What the task asks
Take the entries below and reproduce exactly the portion that begins at the line containing "Take a ride" and ends at the line containing "Take a look", keeping both ends, dropping pictures, and adding nothing else.

Provided records
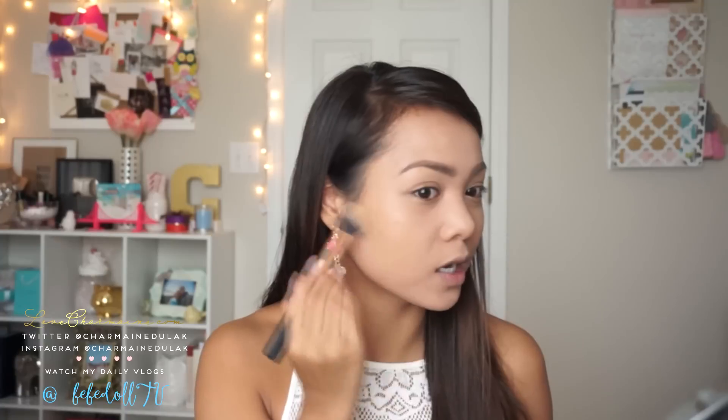I just love how this kind of gives my face that tan glow. I really love how this gives me this natural contouring glow or bronze — it looks so natural.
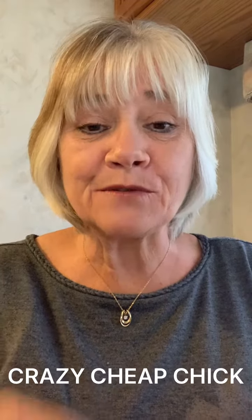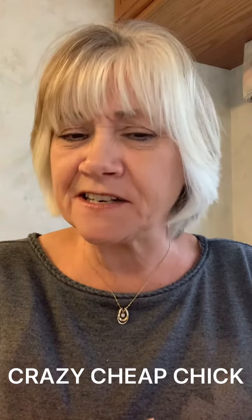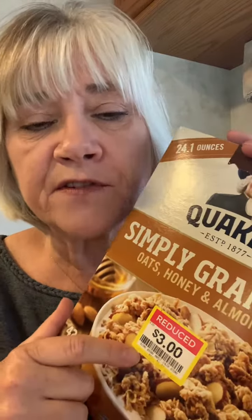Good morning. It's Crazy Cheap Chick with your frugal tip of the day. If you're like me, you may not eat a ton of cereal, but when you find it on a clearance rack and get a good deal, you nab it. This granola I found for $3 — it's normally like $6 or $7. Then I found some live cereal for $1.40. I couldn't pass that up.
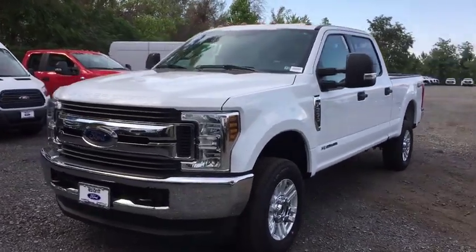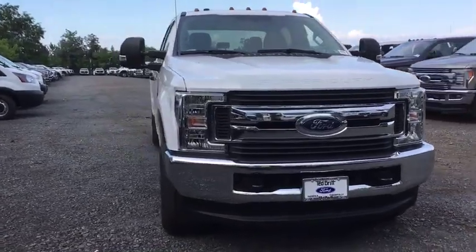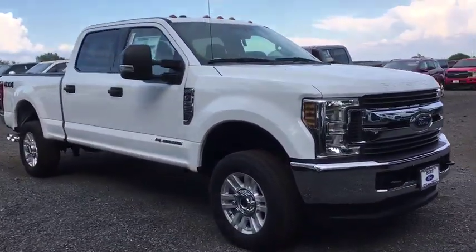Take a ride in the 2019 Ford F-250 Super Duty. Head-to-head fuel efficiency, head-to-head towing, head-to-head torque.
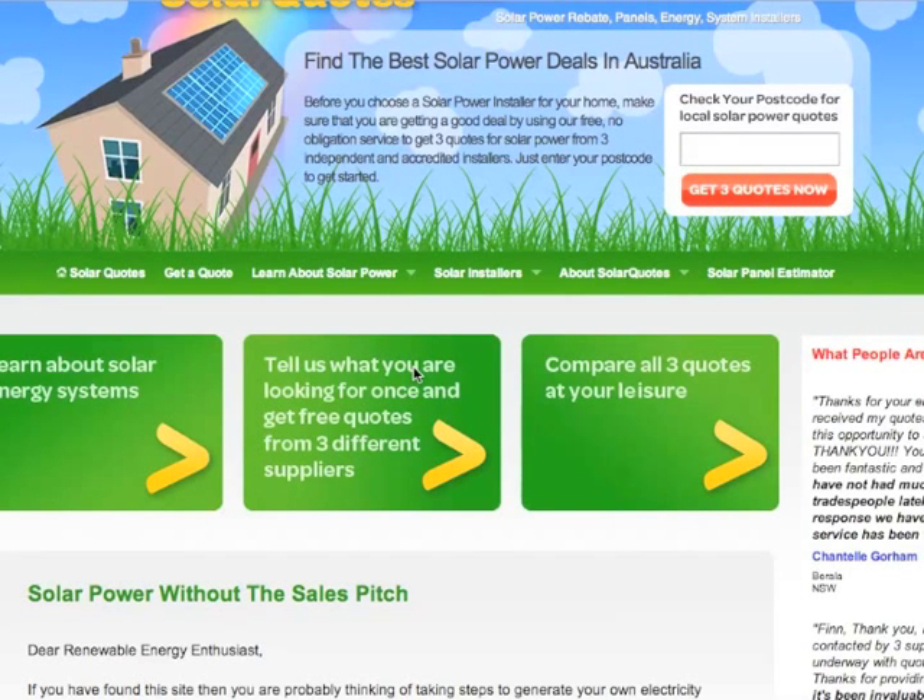Hi, this is Finn Peacock from solarquotes.com.au, and in this video we're going to go through how you work out what the payback of your solar power system will be.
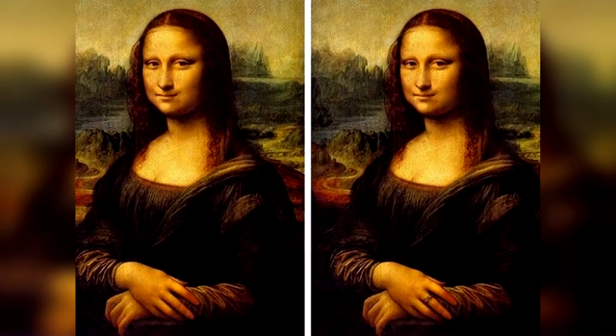Take a look at this photo of the Mona Lisa. Can you spot the difference here? The difference between these two photos is a ring on her finger. This one is a small difference, but people with really good eyes were probably able to solve this.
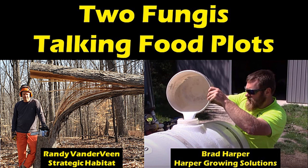Welcome to another episode of Two Fungies Talking Food Plots, a podcast dedicated to helping hunters grow better food plots with less work, less equipment, and better food choices, so landowners will have the most attractive food plots in their area that will hold deer and last longer into the hunting season. My name is Rainey Vanderveen of Strategic Habitat, and my co-host is Brad Harper of Harper Growing Solutions, both based in West Michigan.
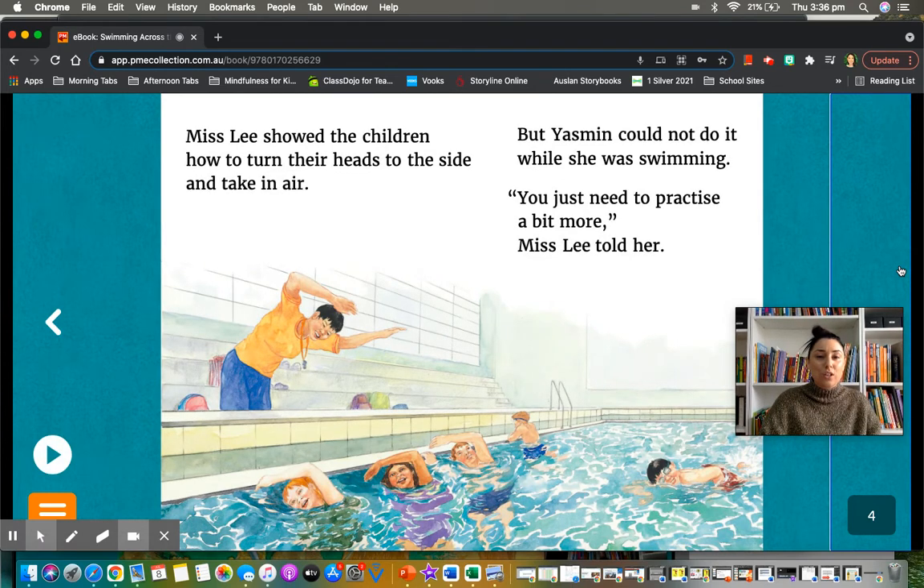Miss Lee showed the children how to turn their heads to the side and take in air. Can you see her visualizing? She's showing them exactly what to do. But Yasmin could not do it while she was swimming. You just need to practice a bit more — that looks right and it sounds right. You just need to practice a bit more, Miss Lee told her.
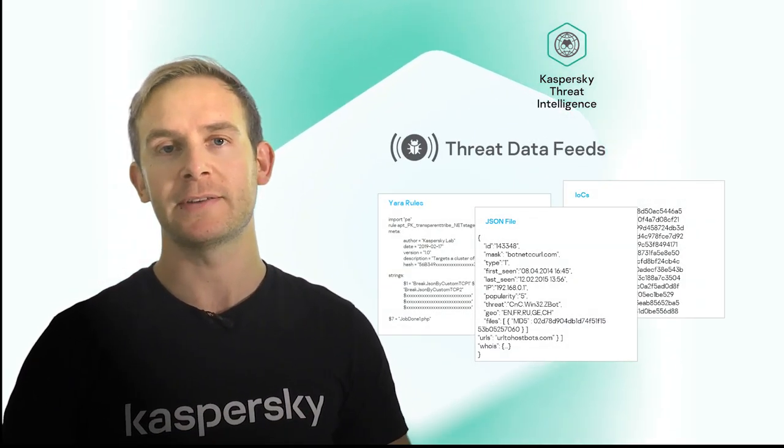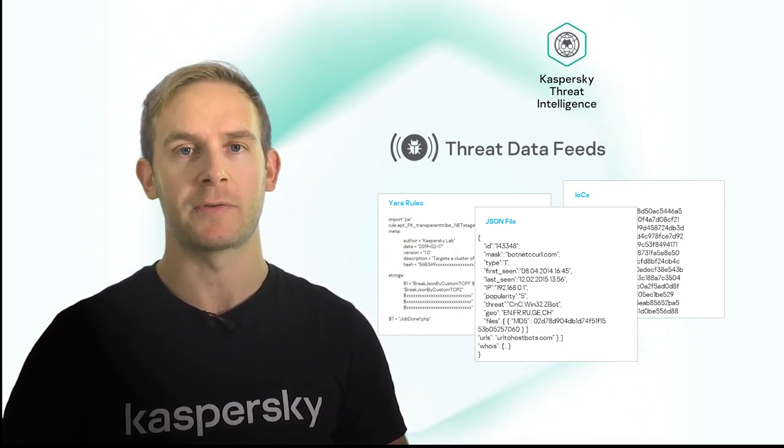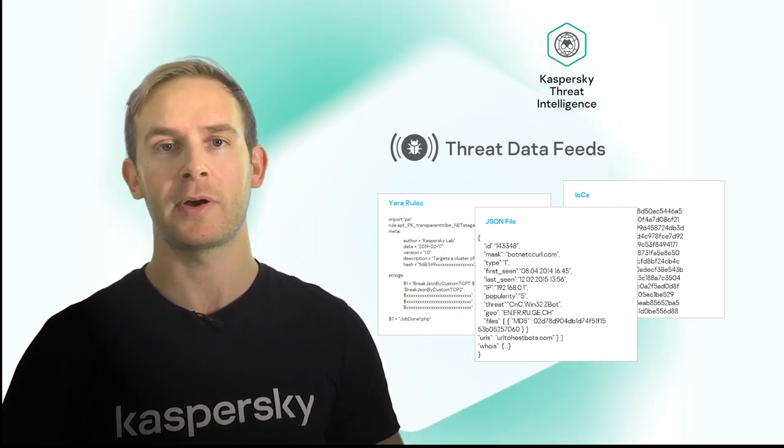We also supply machine-readable data, such as YARA rules, OpenIOCs and threat data feeds, which allow organisations to effectively hunt their network for signs of indicators of compromise and attack.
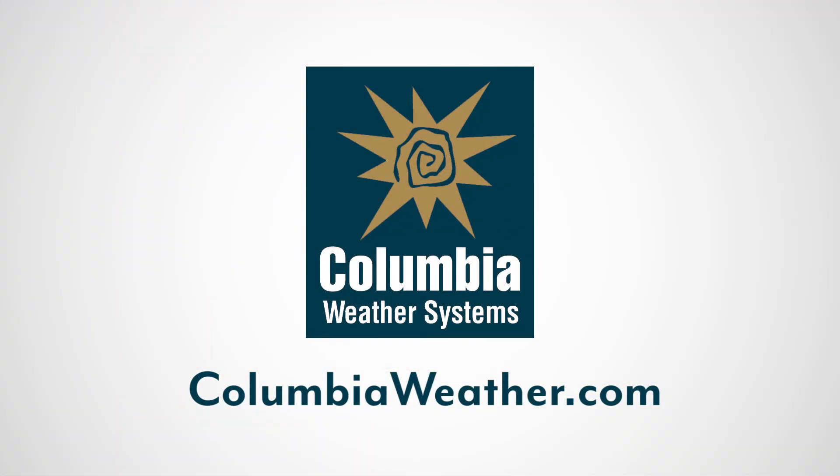For more information about Pulsar weather stations or any other weather monitoring equipment, please contact us through ColumbiaWeather.com.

Exercise solution
Take a ride in the 2019 Ford F-250 Super Duty. Head-to-head fuel efficiency, head-to-head towing, head-to-head torque.
Hi, this is Finn Peacock from solarquotes.com.au, and in this video we're going to go through how you work out what the payback of your solar power system will be.
Take a look at this photo of the Mona Lisa. Can you spot the difference here? The difference between these two photos is a ring on her finger. This one is a small difference, but people with really good eyes were probably able to solve this.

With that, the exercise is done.